Traditional database systems focus on concurrent execution numerous but relatively small transactions over large databases; the on-line transaction processing (OLTP).

However, recently the emphasis has shifted to the on-line analytical processing (OLAP): answering few, but rather complex queries over very large/complex data sets with a predetermined interpretation, commonly collected over long periods of time.

The class will focus on the requirements of such systems (what questions are interesting and/or useful), on the limitations of current approaches (what is feasible using current technology/at all), on efficient storage and data models (what do we really need to remember to answer particular OLAP queries), and on query processing algorithms (including approximate answers).

Sample topics:

  • What if I need to store information about Time and Space?
  • What about other apriori interpreted data?
  • What data can we throw away?
  • What if the database (locally) violates integrity constraints?
  • What if I don't need an exact answer?
  • ...
  • The list will be extended with additional topics depending on interest (and sufficient expertise).
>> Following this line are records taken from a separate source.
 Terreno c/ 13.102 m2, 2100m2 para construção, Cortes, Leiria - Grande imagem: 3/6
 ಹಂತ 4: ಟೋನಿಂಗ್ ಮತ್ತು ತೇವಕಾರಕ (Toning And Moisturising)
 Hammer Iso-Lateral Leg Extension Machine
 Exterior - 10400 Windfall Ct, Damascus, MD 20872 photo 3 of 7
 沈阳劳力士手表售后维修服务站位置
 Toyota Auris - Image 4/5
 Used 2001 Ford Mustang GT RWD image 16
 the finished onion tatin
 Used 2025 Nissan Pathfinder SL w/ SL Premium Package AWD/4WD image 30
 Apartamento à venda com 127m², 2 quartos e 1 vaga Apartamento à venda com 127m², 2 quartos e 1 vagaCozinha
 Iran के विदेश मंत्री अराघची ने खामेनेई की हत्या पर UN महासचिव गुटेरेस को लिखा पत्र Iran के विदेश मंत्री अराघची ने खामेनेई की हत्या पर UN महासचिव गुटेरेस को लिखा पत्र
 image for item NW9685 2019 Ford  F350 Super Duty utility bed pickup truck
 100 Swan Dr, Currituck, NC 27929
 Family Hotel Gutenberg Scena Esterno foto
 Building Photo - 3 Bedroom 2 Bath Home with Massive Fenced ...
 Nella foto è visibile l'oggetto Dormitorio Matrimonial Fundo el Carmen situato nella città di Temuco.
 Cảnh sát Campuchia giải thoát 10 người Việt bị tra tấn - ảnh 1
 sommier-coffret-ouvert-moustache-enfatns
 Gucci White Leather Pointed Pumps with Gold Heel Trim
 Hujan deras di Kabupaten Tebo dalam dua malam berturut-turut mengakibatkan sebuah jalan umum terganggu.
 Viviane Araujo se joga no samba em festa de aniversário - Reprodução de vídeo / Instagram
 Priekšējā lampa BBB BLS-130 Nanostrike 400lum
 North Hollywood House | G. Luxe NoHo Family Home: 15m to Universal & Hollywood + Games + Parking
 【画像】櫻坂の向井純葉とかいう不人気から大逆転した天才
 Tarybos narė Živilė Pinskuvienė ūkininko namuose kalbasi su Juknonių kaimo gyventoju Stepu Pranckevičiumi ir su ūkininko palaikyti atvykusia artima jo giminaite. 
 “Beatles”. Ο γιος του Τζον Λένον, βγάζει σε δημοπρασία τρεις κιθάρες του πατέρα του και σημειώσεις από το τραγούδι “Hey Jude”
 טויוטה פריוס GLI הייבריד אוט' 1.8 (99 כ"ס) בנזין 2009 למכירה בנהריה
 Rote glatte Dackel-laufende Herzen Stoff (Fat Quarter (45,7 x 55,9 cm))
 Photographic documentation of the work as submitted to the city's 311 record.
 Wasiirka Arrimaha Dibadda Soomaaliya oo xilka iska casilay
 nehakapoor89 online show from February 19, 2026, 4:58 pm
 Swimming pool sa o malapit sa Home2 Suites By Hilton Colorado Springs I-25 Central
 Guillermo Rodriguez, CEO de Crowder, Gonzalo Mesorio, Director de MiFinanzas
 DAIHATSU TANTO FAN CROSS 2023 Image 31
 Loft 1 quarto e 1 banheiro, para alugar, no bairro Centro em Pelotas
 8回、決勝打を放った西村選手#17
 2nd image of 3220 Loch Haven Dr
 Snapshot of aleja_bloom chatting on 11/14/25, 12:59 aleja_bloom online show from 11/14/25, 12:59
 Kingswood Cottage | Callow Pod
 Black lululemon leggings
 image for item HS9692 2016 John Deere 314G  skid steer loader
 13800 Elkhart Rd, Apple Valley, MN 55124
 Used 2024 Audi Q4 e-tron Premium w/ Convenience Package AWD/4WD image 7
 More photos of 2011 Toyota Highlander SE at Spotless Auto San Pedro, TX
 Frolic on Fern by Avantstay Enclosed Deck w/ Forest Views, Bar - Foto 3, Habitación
    The course will be run as a seminar with few formal lectures. However, participants are expected to prepare for each class session (reading assigned papers/papers relevant to the topic, trying to solve questions from the previous session, etc.). The classes will usually begin with a short presentation followed by discussion.

    Projects:

    Projects are the integral part of the class; to complete your project you have to
  • pick a project; your choice of an in-depth paper (explore a problem in depth and write a paper) or an implementation project (produce a working prototype). I will suggest several topics in one of the first classes. However, I'll appreciate you taking initiative in finding your own topic.
  • prepare a proposal: a written description of the goals (1 page) and a short presentation in the class (10''). The proposal will be discussed in class and the agreed on result will be your contract for passing the class.
  • work on your project.
  • prepare a final report and a presentation to the class (about 30 minutes; for an implementation project you'll need to show test cases, example runs, and/or live demo).
  • For large projects you may form groups; in general you can collaborate as much as you want, but you must indicate your own work (and give credit to others when appropriate).

    Assessment:

    There will be no formal examination(s) or assignments. However, I'll try to summarize at the end of each session what you should look at for the next class (and your grade depends on how well you were prepared for classes, so the preparation is rather mandatory). The assessment will be based on
  • the quality of the submitted project (70%; you can't pass without completing your project), and
  • participation in class discussion (30%).
  • Attendance of classes in semi-mandatory: you are unlikely to pass if I won't be able to remember your face at the end of the semester.

    Prerequisites:

    The lectures assume prior familiarity with databases systems on the level of an introductory database class. In addition you ought to freshen up your skills in the following areas:
  • Elementary math (sets, relations, first-order logic).
  • Basics of complexity theory (e.g., the O-notation, etc.).


  • Fine print: the usual university policies on academic honesty, fair use of computing facilities, etc., apply by default.